Work instructions:
Print every record below exactly as written.

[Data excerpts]
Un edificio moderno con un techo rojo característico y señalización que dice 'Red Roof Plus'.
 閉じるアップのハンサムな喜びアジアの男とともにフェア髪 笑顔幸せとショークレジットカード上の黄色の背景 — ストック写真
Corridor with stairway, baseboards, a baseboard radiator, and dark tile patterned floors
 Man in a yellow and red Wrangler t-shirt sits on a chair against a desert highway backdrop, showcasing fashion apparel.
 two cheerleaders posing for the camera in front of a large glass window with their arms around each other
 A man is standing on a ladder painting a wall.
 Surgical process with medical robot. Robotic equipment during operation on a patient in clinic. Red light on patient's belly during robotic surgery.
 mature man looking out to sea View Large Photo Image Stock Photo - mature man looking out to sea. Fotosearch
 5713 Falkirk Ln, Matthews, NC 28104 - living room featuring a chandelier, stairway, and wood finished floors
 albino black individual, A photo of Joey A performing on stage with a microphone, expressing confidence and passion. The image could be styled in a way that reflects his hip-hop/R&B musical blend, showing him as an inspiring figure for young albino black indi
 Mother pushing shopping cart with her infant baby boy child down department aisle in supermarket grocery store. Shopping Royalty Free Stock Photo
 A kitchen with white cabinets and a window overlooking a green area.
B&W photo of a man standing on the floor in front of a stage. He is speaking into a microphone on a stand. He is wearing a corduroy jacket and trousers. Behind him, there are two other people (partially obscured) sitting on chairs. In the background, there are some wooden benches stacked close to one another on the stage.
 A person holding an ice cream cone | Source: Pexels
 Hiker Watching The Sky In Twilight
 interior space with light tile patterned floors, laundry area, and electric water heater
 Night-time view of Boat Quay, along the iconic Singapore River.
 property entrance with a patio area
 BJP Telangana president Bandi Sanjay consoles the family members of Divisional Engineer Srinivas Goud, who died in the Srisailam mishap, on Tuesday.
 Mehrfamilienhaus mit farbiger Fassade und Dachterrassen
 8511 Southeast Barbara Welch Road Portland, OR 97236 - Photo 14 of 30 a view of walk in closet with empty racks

Your solution:
Un edificio moderno con un techo rojo característico y señalización que dice 'Red Roof Plus'.
 閉じるアップのハンサムな喜びアジアの男とともにフェア髪 笑顔幸せとショークレジットカード上の黄色の背景 — ストック写真
Corridor with stairway, baseboards, a baseboard radiator, and dark tile patterned floors
 Man in a yellow and red Wrangler t-shirt sits on a chair against a desert highway backdrop, showcasing fashion apparel.
 two cheerleaders posing for the camera in front of a large glass window with their arms around each other
 A man is standing on a ladder painting a wall.
 Surgical process with medical robot. Robotic equipment during operation on a patient in clinic. Red light on patient's belly during robotic surgery.
 mature man looking out to sea View Large Photo Image Stock Photo - mature man looking out to sea. Fotosearch
 5713 Falkirk Ln, Matthews, NC 28104 - living room featuring a chandelier, stairway, and wood finished floors
 albino black individual, A photo of Joey A performing on stage with a microphone, expressing confidence and passion. The image could be styled in a way that reflects his hip-hop/R&B musical blend, showing him as an inspiring figure for young albino black indi
 Mother pushing shopping cart with her infant baby boy child down department aisle in supermarket grocery store. Shopping Royalty Free Stock Photo
 A kitchen with white cabinets and a window overlooking a green area.
B&W photo of a man standing on the floor in front of a stage. He is speaking into a microphone on a stand. He is wearing a corduroy jacket and trousers. Behind him, there are two other people (partially obscured) sitting on chairs. In the background, there are some wooden benches stacked close to one another on the stage.
 A person holding an ice cream cone | Source: Pexels
 Hiker Watching The Sky In Twilight
 interior space with light tile patterned floors, laundry area, and electric water heater
 Night-time view of Boat Quay, along the iconic Singapore River.
 property entrance with a patio area
 BJP Telangana president Bandi Sanjay consoles the family members of Divisional Engineer Srinivas Goud, who died in the Srisailam mishap, on Tuesday.
 Mehrfamilienhaus mit farbiger Fassade und Dachterrassen
 8511 Southeast Barbara Welch Road Portland, OR 97236 - Photo 14 of 30 a view of walk in closet with empty racks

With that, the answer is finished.